What to work on:
Please repeat the entire listing verbatim and keep the pictures out.
===== Data in this exercise =====
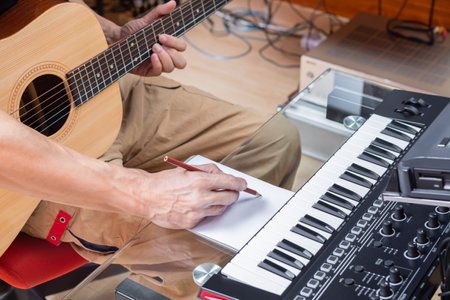 male composer writing a song on paper while playing acoustic guitar in home studio. songwriting or...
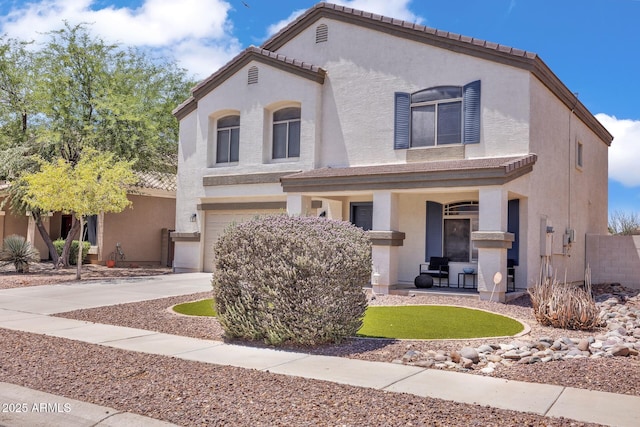 2198 W Pima Ave, Coolidge, AZ 85128 - view of front of home with a garage, stucco siding, and covered porch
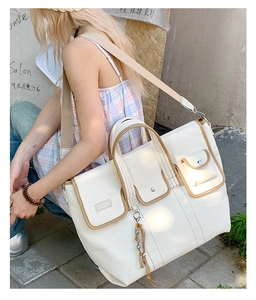 Detailed side view of a white canvas tote bag with brown trim and multi-pocket design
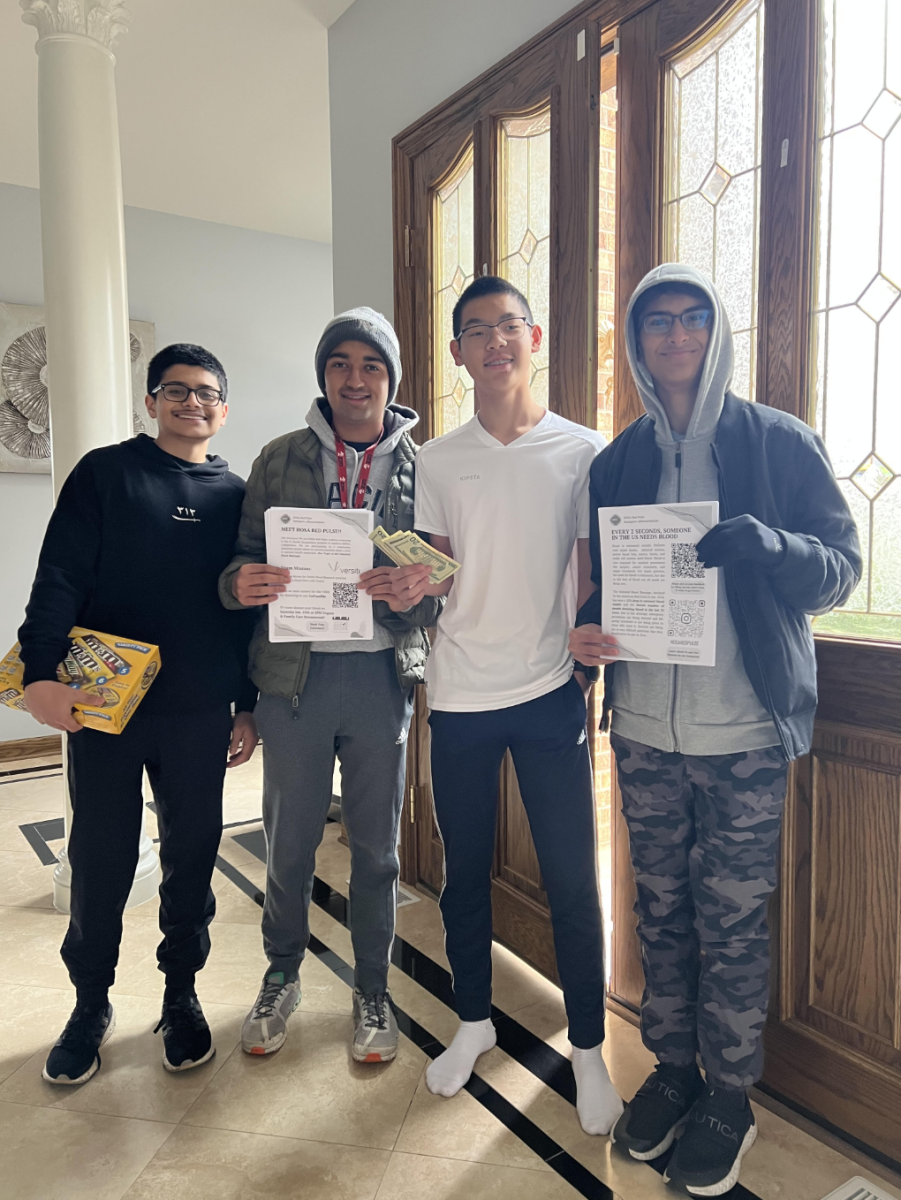 Sophomores Armaan Rizvi, Rishin Patel, Wen Han Lee and Haaris Ansari (left to right) advocate for Red Pulse’s upcoming community blood drive. Photo courtesy of Rishin Patel, ‘27.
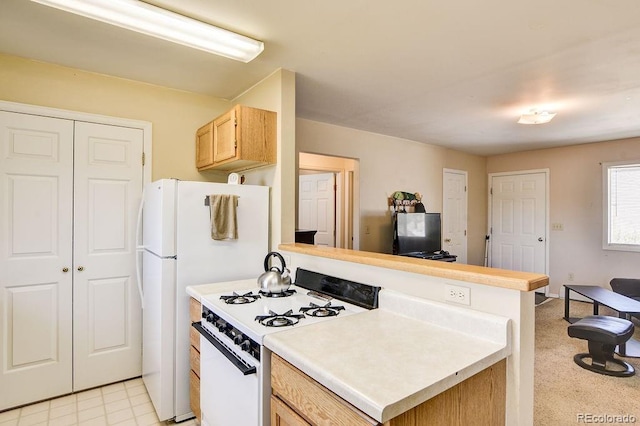 kitchen featuring white appliances, kitchen peninsula, and light brown cabinets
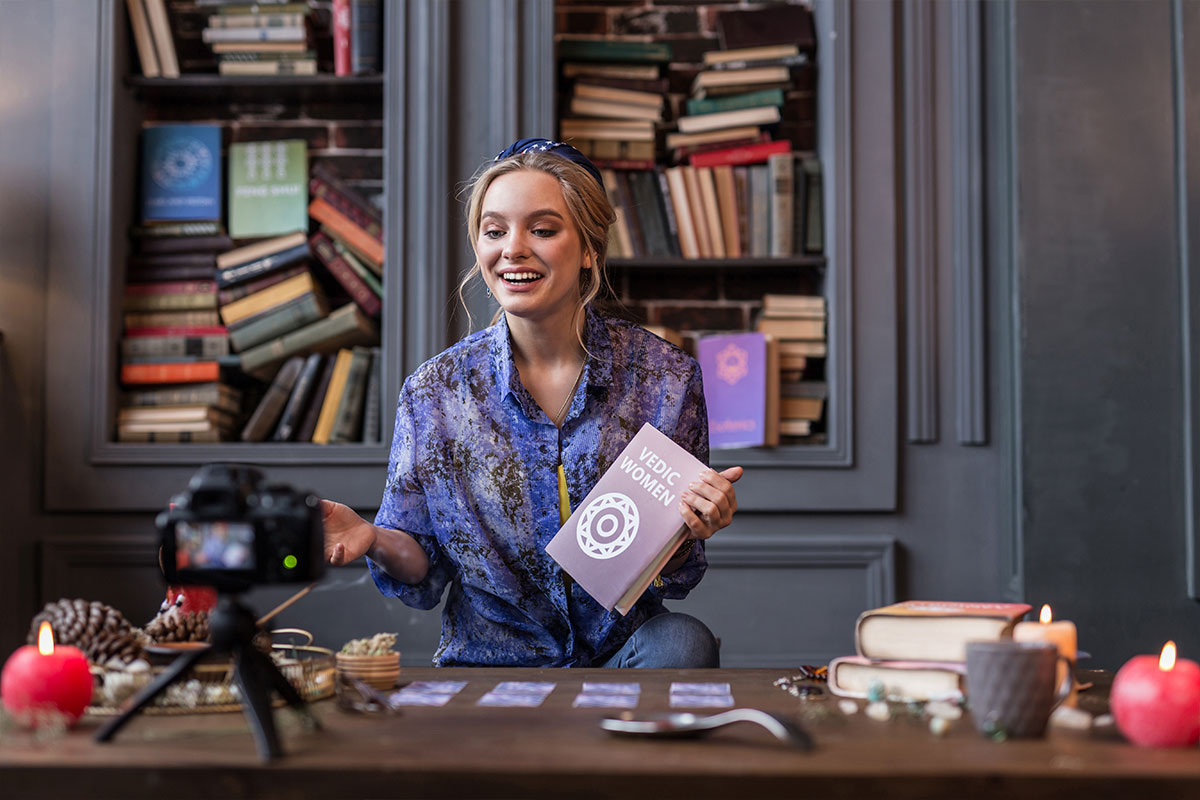 Mulher jovem sorridente gravando curso online com câmera profissional em ambiente aconchegante e decorado com livros, representando ensino digital em 2025.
=====
Response to the task:
 male composer writing a song on paper while playing acoustic guitar in home studio. songwriting or...
 2198 W Pima Ave, Coolidge, AZ 85128 - view of front of home with a garage, stucco siding, and covered porch
 Detailed side view of a white canvas tote bag with brown trim and multi-pocket design
 Sophomores Armaan Rizvi, Rishin Patel, Wen Han Lee and Haaris Ansari (left to right) advocate for Red Pulse’s upcoming community blood drive. Photo courtesy of Rishin Patel, ‘27.
 kitchen featuring white appliances, kitchen peninsula, and light brown cabinets
 Mulher jovem sorridente gravando curso online com câmera profissional em ambiente aconchegante e decorado com livros, representando ensino digital em 2025.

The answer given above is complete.